Les combats les plus intenses ont eu lieu les 8 et 9 mars, puis durant le week-end du 3 au 4 mai 2025. Une trentaine de rebelles ont été capturés et transférés à Bujumbura pour interrogatoire. Plusieurs autres, blessés, ont été retrouvés dans la forêt.
« Certains se sont rendus dès les premières salves, d’autres ont combattu jusqu’au bout. On a aussi trouvé des blessés abandonnés par leurs camarades », confie un soldat.
Selon les autorités militaires, neuf fusils d’assaut Kalachnikov, deux pistolets automatiques ainsi qu’un stock de munitions ont été saisis. Les rebelles arrêtés affirment avoir quitté l’est de la RDC après avoir rejeté l’ordre de soutenir les FARDC (Forces armées de la RDC), appuyées par les FDLR (Forces démocratiques de libération du Rwanda), les milices Wazalendo soutenues par Kinshasa, et quelque 10 000 soldats burundais.
Le président Évariste Ndayishimiye a confirmé sur France 24 que des troupes burundaises restent stationnées au Sud-Kivu, sans en préciser le nombre exact.
« Leur refus a été perçu comme une trahison. On leur avait donné un ultimatum, ils ont préféré fuir dans la Kibira », déclare un haut gradé burundais sous couvert d’anonymat.
À Mabayi, la population, régulièrement victime d’exactions attribuées aux FLN — vols, viols, rackets —, salue l’intervention mais demande un retour définitif à la paix.
« On a vu les corps dans la forêt, ça fait peur, mais on veut juste que ça s’arrête », témoigne une habitante de Gafumbegeti.
L’administratrice communale de Mabayi, Jeanne Izomporera, confirme l’ampleur de l’opération. Elle précise que les corps des rebelles ont été enterrés rapidement pour prévenir tout risque sanitaire.
« Nous saluons le travail de nos forces de défense. Les habitants veulent vivre en paix », affirme-t-elle.
L’armée burundaise promet de poursuivre les offensives jusqu’à l’éradication complète des groupes armés dans la région.
« Il n’y aura plus de sanctuaire pour les groupes armés dans la Kibira.

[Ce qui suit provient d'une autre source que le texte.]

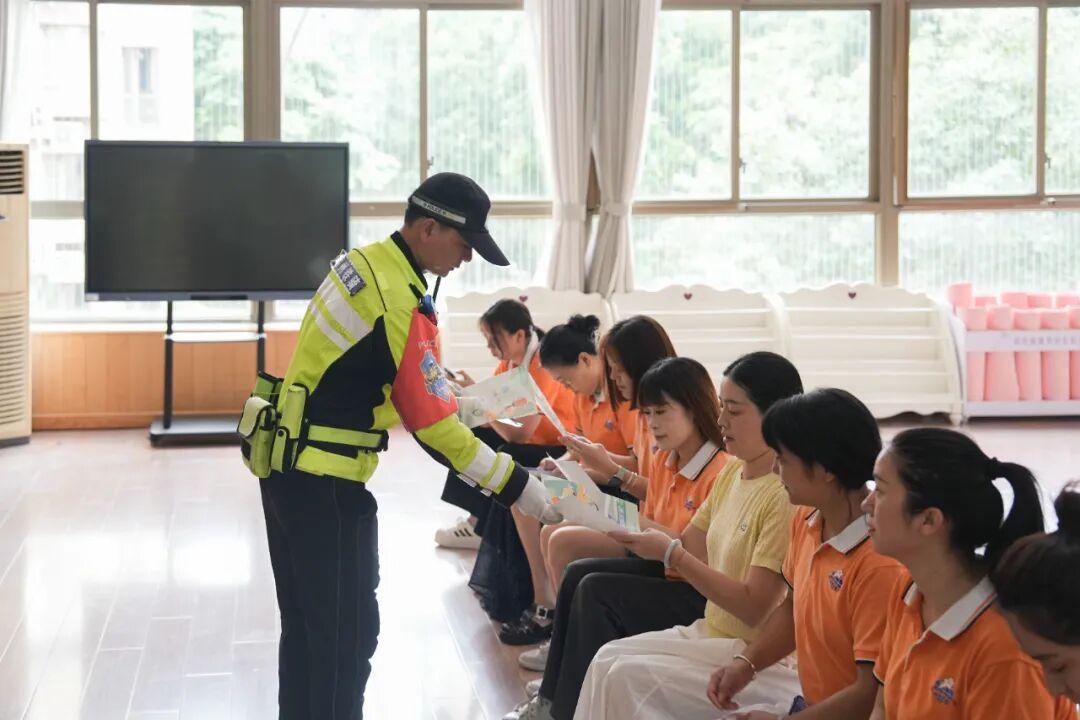 重要提醒！高峰叠加，福州人明天一定要提早出门上班！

C’est une promesse que nous faisons à la population », déclare le commandant en chef des opérations.
Cette campagne militaire s’inscrit dans un contexte de tensions persistantes entre le Burundi et le Rwanda. En janvier 2024, Bujumbura avait fermé ses frontières terrestres avec Kigali, accusant ce dernier de soutenir des groupes armés et de protéger les auteurs présumés du coup d’État manqué de 2015 contre le président Pierre Nkurunziza.
Par ailleurs, plusieurs figures influentes du parti au pouvoir, le CNDD-FDD, ainsi que des administrateurs locaux — à l’instar de l’ex-administrateur de Mabayi, Nicodème Ndahabonyimana —, des responsables de la ligue des jeunes Imbonerakure, et des hommes d’affaires proches du régime, ont été arrêtés ces trois dernières années. Ils sont soupçonnés de collusion avec les FLN et les FDLR, deux groupes hostiles au régime rwandais.
Outre les combats, ces rivalités s’enracinent aussi dans des enjeux économiques, notamment le contrôle de l’or extrait illicitement dans la réserve naturelle de la Kibira, un territoire longtemps disputé.
Aujourd’hui, cette forêt, longtemps considérée comme un refuge pour les groupes rebelles, reste sous surveillance militaire accrue. Les autorités assurent qu’elles feront tout pour rétablir durablement l’ordre dans cette zone longtemps hors de contrôle. (Fin)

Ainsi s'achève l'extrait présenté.